** Data records follows **
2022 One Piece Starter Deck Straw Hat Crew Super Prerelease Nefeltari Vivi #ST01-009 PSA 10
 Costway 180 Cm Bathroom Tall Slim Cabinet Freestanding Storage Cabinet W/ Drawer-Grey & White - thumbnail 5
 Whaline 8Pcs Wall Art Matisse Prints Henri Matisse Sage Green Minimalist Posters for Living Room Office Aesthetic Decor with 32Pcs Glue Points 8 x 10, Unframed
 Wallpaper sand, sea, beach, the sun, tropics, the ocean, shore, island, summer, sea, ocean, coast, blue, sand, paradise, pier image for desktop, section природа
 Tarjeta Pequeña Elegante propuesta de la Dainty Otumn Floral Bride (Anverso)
** End of Data records **
What is expected>
Each record above needs to be transcribed word for word.

Response to the task>
2022 One Piece Starter Deck Straw Hat Crew Super Prerelease Nefeltari Vivi #ST01-009 PSA 10
 Costway 180 Cm Bathroom Tall Slim Cabinet Freestanding Storage Cabinet W/ Drawer-Grey & White - thumbnail 5
 Whaline 8Pcs Wall Art Matisse Prints Henri Matisse Sage Green Minimalist Posters for Living Room Office Aesthetic Decor with 32Pcs Glue Points 8 x 10, Unframed
 Wallpaper sand, sea, beach, the sun, tropics, the ocean, shore, island, summer, sea, ocean, coast, blue, sand, paradise, pier image for desktop, section природа
 Tarjeta Pequeña Elegante propuesta de la Dainty Otumn Floral Bride (Anverso)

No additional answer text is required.